SEC. 102. Protecting children abroad.

Section 240(c)(1) of the William Wilberforce Trafficking Victims Protection Reauthorization Act of 2008 (22 U.S.C. 212b(c)(1)) is amended to read as follows:

“(1) the term ‘covered sex offender’ means an individual who—

“(A) is required to register, based on an offense against a minor, under section 113 of the Sex Offender Registration and Notification Act (34 U.S.C. 20913); or

“(B) resides outside the United States, or applies for or seeks to renew a passport outside the United States, and would be required to register, based on an offense against a minor, under section 113 of the Sex Offender Registration and Notification Act, if the individual returned to the United States.”.

SEC. 103. Ensuring protection and confidentiality for human trafficking survivors.

(a) In general.—In order to ensure the safety of human trafficking survivors and their families—

(1) a grantee or subgrantee receiving Federal funds under a grant shall protect the confidentiality and privacy of survivors of human trafficking receiving services from the grantee or subgrantee; and

(2) each entity applying to receive Federal funds in the form of a grant shall submit, in conjunction with the application for the grant, a privacy policy for human trafficking survivors and their families that is in accordance with the requirements under this section.

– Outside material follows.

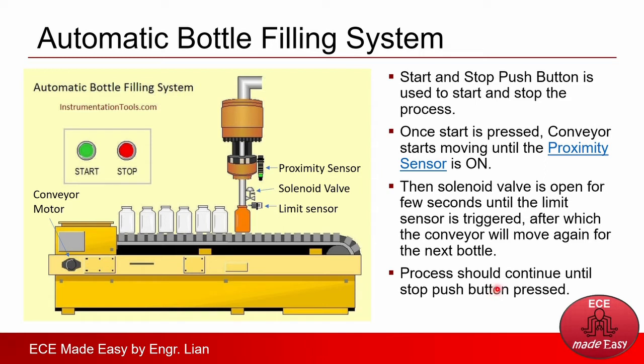The process should continue until the stop push button is pressed. Before we create the PLC program, let's identify the inputs and outputs of this system. The inputs are the start push button, the stop push button, the proximity sensor, and the limit sensor. For the outputs, they are the conveyor motor and the solenoid valve.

(b) Nondisclosure.—Subject to subsections (c), (d), and (e), a grantee or subgrantee shall agree, as a condition of receiving Federal funds, to not—

(1) disclose, reveal, or release any personally identifying information or individual information collected in connection with services requested, used, or denied through a program of the grantee or subgrantee, regardless of whether the information has been encoded, encrypted, hashed, or otherwise protected; or

(2) disclose, reveal, or release individual client information regarding an individual who requested, used, or was denied services through a program of the grantee or subgrantee without the informed, written, and reasonably time-limited consent of the individual about whom information is sought, whether in connection with the program for which the Federal funds were received or another Federal, State, Tribal, or territorial grant program.

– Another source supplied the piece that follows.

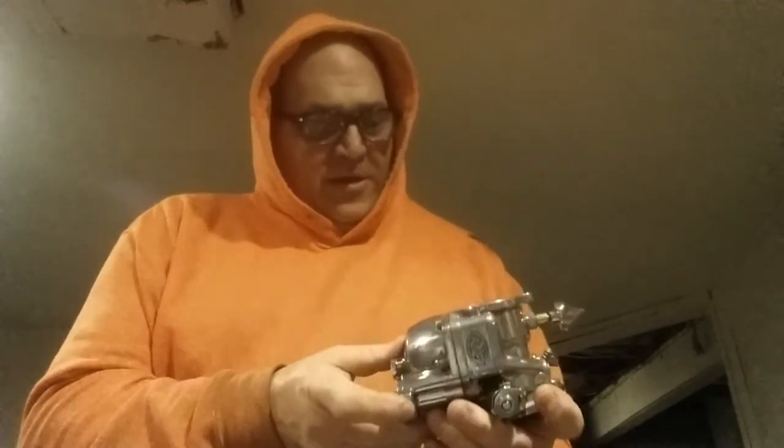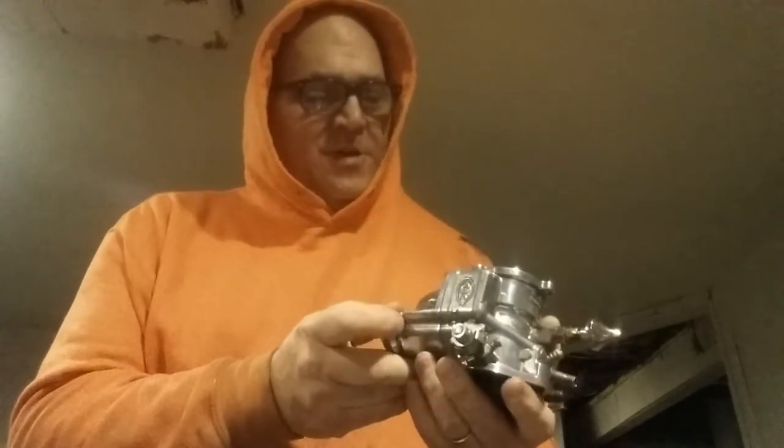We took the accelerator pump off and cleaned that out. There are two little tiny ball bearings in here and a real small spring — you've got to watch you don't lose those. Maybe what I'll do for you guys is take this apart again once I'm done buffing it and blow it out a little bit. These are real easy to take apart, guys.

(c) Exceptions relating to minors.—

(1) IN GENERAL.—For purposes of subsection (b)(2)—

(A) the informed, written, and reasonably time-limited consent described in such subsection—

(i) in the case of an unemancipated minor shall be obtained from both the minor and a parent or guardian; and

(ii) in the case of person with a legal incapacity, shall be obtained from both the person and a court-appointed guardian; and

(B) such consent may not be given by the alleged or convicted trafficker of the minor or person with a legal incapacity, or the alleged or convicted trafficker of a parent or legal guardian of the minor or person with a legal incapacity.

(2) WAIVER OF PARENTAL CONSENT.—Notwithstanding the prohibition under subsection (b)(2), if a minor or a person with a legally incapacity is permitted by law to receive services without the consent of a parent or guardian, the minor or person may consent to the disclosure, revealing, or release of information without obtaining additional consent in accordance with paragraph (1) of this subsection.

(d) Compelled release.—If a grantee or subgrantee is compelled by a statutory or court mandate to disclose, reveal, or release information described in subsection (b), the grantee or subgrantee shall—

(1) make reasonable attempts to provide notice to survivors affected by the disclosure, revealing, or release of the information; and

(2) take steps necessary to protect the privacy and safety of the persons affected by the disclosure, revealing, or release of the information.

(e) Information sharing.—

(1) IN GENERAL.—A grantee or subgrantee may share—

(A) nonpersonally identifying data in the aggregate regarding services to clients of the grantee or subgrantee and nonpersonally identifying demographic information, in order to identify underserved populations and comply with Federal, State, Tribal, or territorial reporting, evaluation, or data collection requirements;

(B) court-generated information and law enforcement-generated information contained in secure, governmental registries for protection order enforcement purposes;

(C) law enforcement-generated and prosecution-generated information necessary for law enforcement and prosecution purposes; and

(D) information necessary for the functioning of a multidisciplinary team.

(2) PROHIBITION.—Under no circumstances may a grantee or subgrantee—

(A) require a human trafficking survivor to provide consent to disclose, reveal, or release his or her personally identifying information as a condition of eligibility for the services provided by the grantee or subgrantee; or

(B) share any personally identifying information of a human trafficking survivor in order to comply with Federal, State, Tribal, or territorial reporting, evaluation, or data collection requirements, whether in connection with the program for which the Federal funds were received or another Federal, State, Tribal, or territorial grant program.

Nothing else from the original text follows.